How to use the schedule: follow each week’s targets, weigh in daily, and average the readings weekly. If your weekly average climbs by more than 0.5 lb / 0.25 kg, hold calories steady for an extra week before bumping again. If it’s flat, continue with the planned bump.

When to stop: the reverse ends when you hit a calorie level you can sustain without weight gain — typically 100–200 kcal above your pre-diet maintenance. That’s your new maintenance. From there, you either hold (a true maintenance phase) or deliberately add a small surplus to start a bulk.

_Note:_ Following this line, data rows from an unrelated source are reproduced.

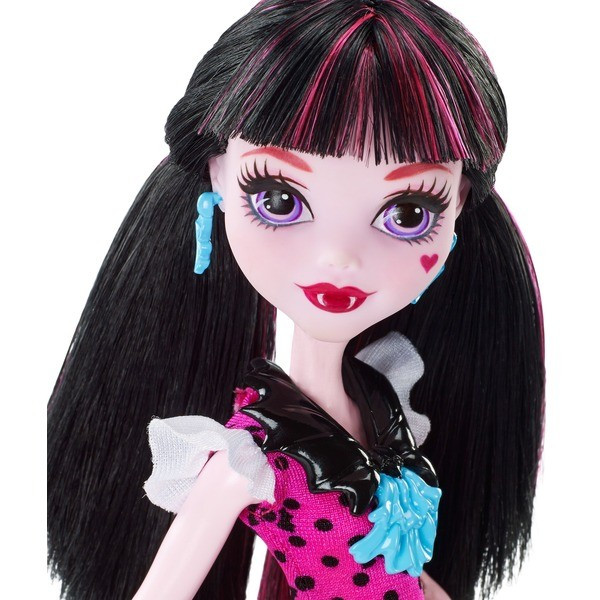 Monster High: Первый день в школе, Draculaura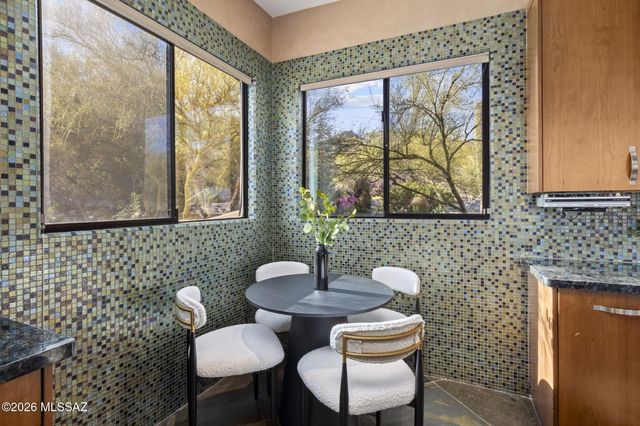 6255 N Wilmot Road, Tucson, AZ 85750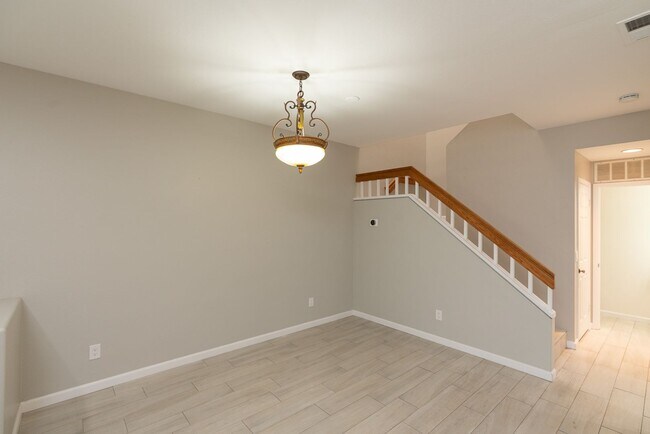 Building Photo - 3 Bedroom Townhome in the Monte Rio Community of Rancho Peñasquitos
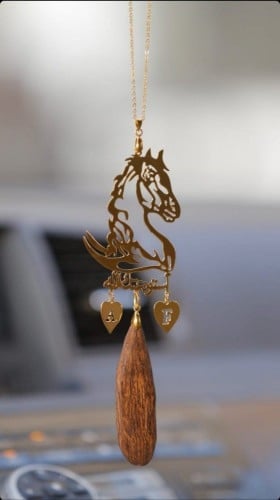 تعليقة الخيل احرف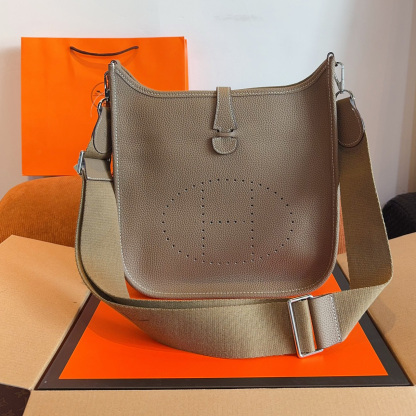 Evelyne  28 bag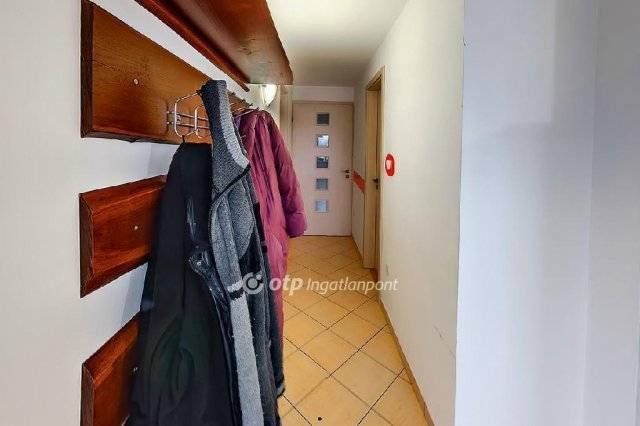 Eladó nyaraló, Vecsésen 140 M Ft, 4 szobás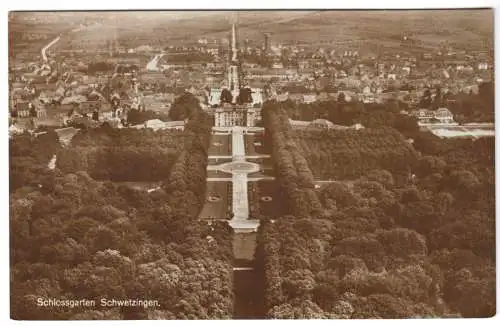 AK, Schwetzingen, Blick vom Schloßgarten zur Stadt, Luftbildansicht, 1927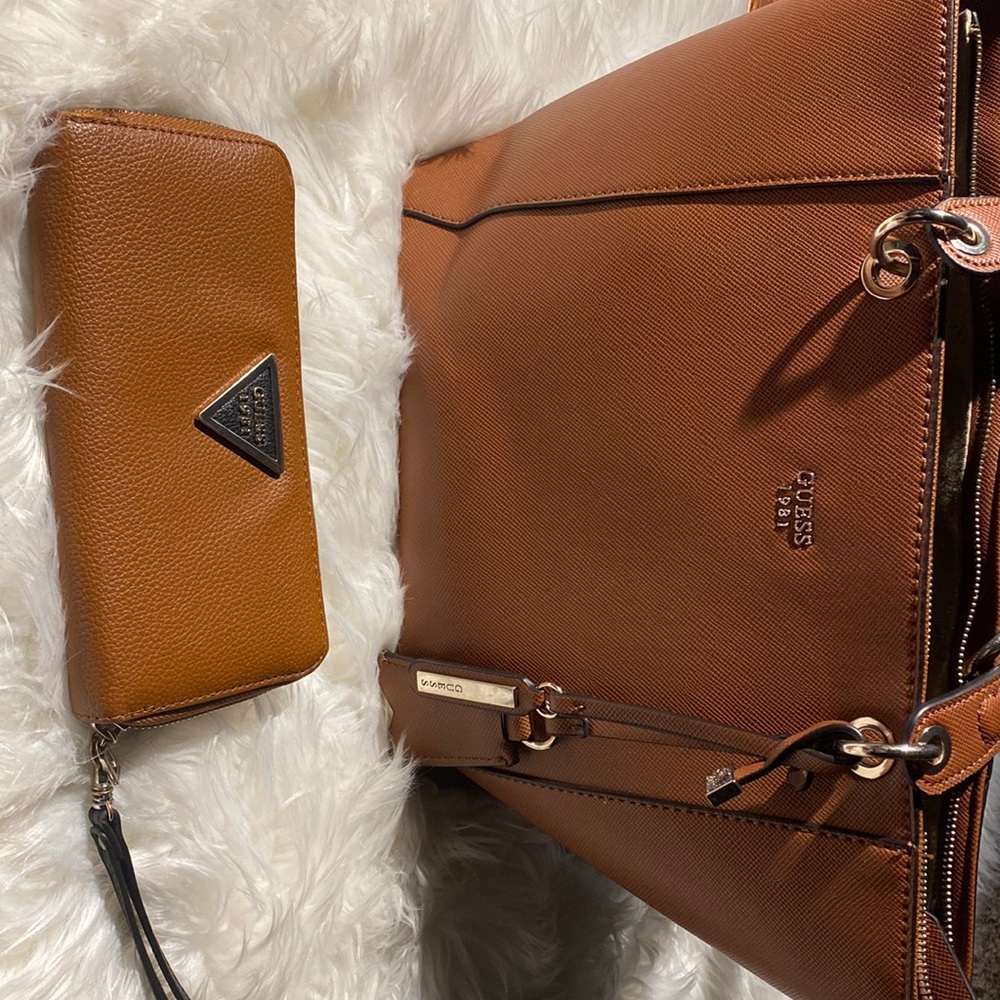 Guess Tote Bag With Matching Wallet Set - image 1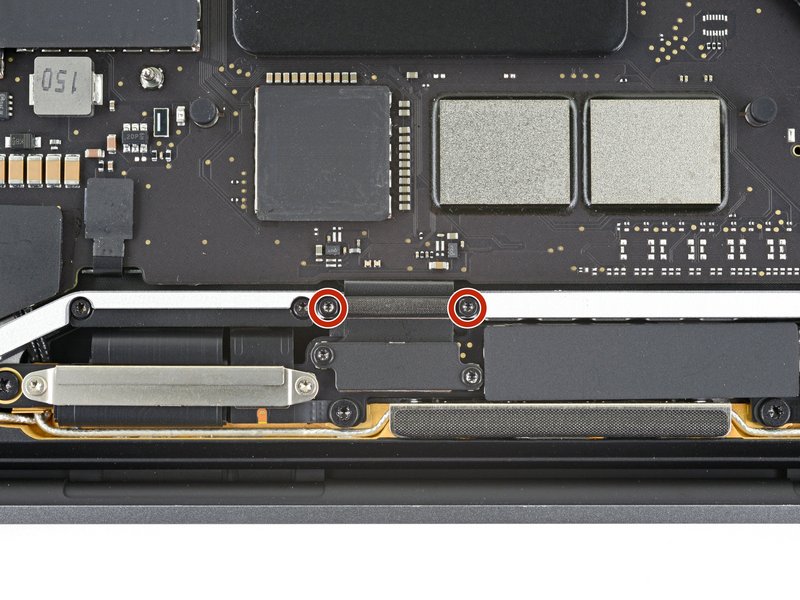 Retirer le cache du câble principal écran Changement écran MacBook A2338 - Retirer le cache du câble principal écran
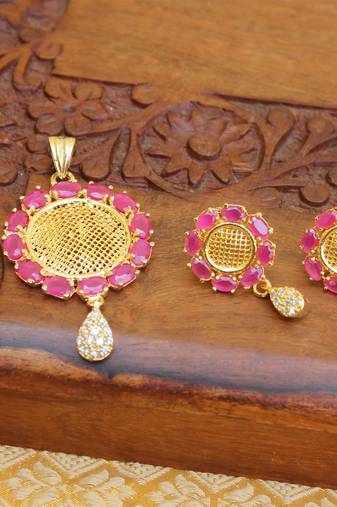 Designer gold plated ruby pendant set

Reverse dieting isn’t magic — it’s structured patience. The longer and more aggressive the prior cut, the longer the reverse needs to be. A 4-week mini-cut might only need a 2-week reverse; a 20-week contest prep often needs 8–12 weeks.

Frequently asked questions

What is a reverse diet?
A reverse diet is the process of slowly adding calories back to your diet after an extended fat-loss phase. The goal is to rebuild your metabolic rate to maintenance without rebounding into fat gain.
How fast should I add calories?
Conservative reverse diets add 50–100 kcal per week. Aggressive reverse diets add 150–250 kcal per week. The smaller the weekly bump, the less fat regain — but the slower the metabolic recovery.
How long should I reverse diet?
Until your weight gain stabilizes at a calorie level that feels sustainable — typically 6–12 weeks. The exact length depends on how aggressive your prior cut was and how much metabolic adaptation occurred.
Will I gain fat reverse dieting?
Some fat gain is normal — usually 1–3 lb over a full reverse — and is the price of rebuilding metabolic flexibility. Done correctly, the fat gain is far less than what would happen jumping straight back to maintenance.
Is reverse dieting evidence-based?
It’s based on the well-documented phenomenon of metabolic adaptation (your TDEE drops more than predicted during a cut). The specific protocol of weekly micro-increments is more anecdotal but widely used in physique sport.
When should I stop adding calories?
When you can hit your projected maintenance and the scale holds steady for 2–3 weeks, or when you’re back to your pre-cut maintenance plus 100–200 kcal. Anything beyond that is a deliberate bulk, not a reverse.